Keine Situation zum Entspannen

betr.: „Frauen aus Kruppstahl“ von D. Knipphals, taz vom 13. 4. 05

Dass es im Dritten Reich Versuche gegeben hat, Menschen vom Säuglingsalter an zu Härte zu erziehen, bezweifele ich nicht, aber dass sie flächendeckend wirksam waren. Dazu gab es zu viele gegenläufige Bestrebungen. Und: Kommt die Härte der Frauen wirklich nur aus dem Dritten Reich? Ist die Frau vor dem Dritten Reich weniger zu Härte erzogen worden? Gab es weniger Situationen, die Frauen hart gemacht haben? Selbstbeherrschung, Contenance in jeder Lebenslage gehörte zum Verhalten einer Dame. Da gibt es genug in der Literatur über harte alte Frauen. Meine Mutter, geboren 1911, ist von ihrem Vater, einem Pfarrer, unter der Devise erzogen worden: „Bis zum letzten Röcheln immer lächeln.“ Und wie sieht es mit den Einflüssen der Wandervogelbewegungen auf das Verhalten der Frauen aus?

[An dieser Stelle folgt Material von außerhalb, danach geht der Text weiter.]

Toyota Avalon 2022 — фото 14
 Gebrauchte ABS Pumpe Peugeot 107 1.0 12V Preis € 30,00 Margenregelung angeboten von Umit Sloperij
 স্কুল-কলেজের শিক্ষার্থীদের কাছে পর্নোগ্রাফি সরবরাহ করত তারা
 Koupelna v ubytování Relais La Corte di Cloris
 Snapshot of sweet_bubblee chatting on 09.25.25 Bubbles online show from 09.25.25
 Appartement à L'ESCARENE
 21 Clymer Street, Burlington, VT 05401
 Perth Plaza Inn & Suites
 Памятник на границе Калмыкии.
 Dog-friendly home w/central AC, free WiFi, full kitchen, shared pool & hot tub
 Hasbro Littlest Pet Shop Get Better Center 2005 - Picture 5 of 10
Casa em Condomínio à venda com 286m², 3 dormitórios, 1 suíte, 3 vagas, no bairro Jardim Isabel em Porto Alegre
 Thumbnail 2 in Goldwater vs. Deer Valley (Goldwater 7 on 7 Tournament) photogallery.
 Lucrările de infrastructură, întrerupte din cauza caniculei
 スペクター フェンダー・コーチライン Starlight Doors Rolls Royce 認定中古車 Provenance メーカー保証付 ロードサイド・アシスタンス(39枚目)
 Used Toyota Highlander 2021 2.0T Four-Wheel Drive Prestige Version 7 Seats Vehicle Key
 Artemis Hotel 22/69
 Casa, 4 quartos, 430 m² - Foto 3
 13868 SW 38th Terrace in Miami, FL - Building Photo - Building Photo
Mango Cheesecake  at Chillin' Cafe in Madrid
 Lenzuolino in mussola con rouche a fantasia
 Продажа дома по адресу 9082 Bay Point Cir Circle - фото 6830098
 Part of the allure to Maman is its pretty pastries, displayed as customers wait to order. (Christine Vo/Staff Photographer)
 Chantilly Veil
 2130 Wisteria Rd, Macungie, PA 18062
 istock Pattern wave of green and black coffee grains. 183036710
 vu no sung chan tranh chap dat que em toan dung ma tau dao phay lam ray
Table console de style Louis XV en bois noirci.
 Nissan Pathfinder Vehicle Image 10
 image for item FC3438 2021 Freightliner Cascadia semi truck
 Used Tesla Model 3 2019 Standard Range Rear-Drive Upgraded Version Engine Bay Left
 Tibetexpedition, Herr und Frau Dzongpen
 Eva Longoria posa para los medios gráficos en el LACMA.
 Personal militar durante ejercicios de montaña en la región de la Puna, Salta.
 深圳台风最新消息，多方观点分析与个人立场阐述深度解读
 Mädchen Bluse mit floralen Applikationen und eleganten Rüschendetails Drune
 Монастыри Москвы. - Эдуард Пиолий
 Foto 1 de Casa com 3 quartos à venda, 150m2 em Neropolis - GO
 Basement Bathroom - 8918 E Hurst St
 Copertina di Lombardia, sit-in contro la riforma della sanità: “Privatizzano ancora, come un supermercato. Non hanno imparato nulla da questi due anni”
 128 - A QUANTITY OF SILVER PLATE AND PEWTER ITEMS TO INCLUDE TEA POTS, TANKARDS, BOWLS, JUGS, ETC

Die Aussage, Flucht und Nachkriegszeit könnten wirklich nicht alles erklären, halte ich dagegen für unsensibel. Das waren für viele Frauen in ihrer eigentlichen Blütezeit 10 oder 15 Jahre härtester Arbeit immer am Rande ihrer Kräfte; natürlich haben sie die Fähigkeit verloren, „auf sich selbst zu gucken“, sie konnten sich nicht pflegen, schön kleiden und sich bewundern lassen. Es ging um das Überleben ihrer Kinder. Sie mussten hart sein gegen sich, um nicht zu verzweifeln, und auch Härte von ihren Kindern verlangen. Dazu gab es unter diesen Umständen oft belastende Eheprobleme. Natürlich ist davon bei einer mehr, bei der anderen weniger Härte geblieben.

INGEBURG BUTTING, Bielefeld

Es mag ja zutreffen, dass viele Frauen durch die Identifizierung mit dem Naziregime hart und kalt geworden sind. Vielleicht ist eine Erforschung dieses Komplexes wirklich noch offen. Die Folgen der Angst um die zwangsweise eingezogenen Ehemänner, Geliebten und Söhne sind weder erforscht noch Gegenstand jeglicher Diskussion. Millionenfach ist diese jahrelange Angst durch den Tod, die Vermisstenmeldung oder Gefangennahme beendet worden. Auch nicht gerade eine Situation sich zu entspannen, zumal „in der Heimat“ Bombenangriffe den Nachtschlaf störten und die Kinder ernährt und versorgt werden mussten. Hart und kalt zu werden geboten die Zeiten, denn ein Weinen um Verlorene und Verlorenes war unerwünscht, stolz sollten die Frauen sein auf den Tod des Ehemannes auf dem großen Schlachtfeld!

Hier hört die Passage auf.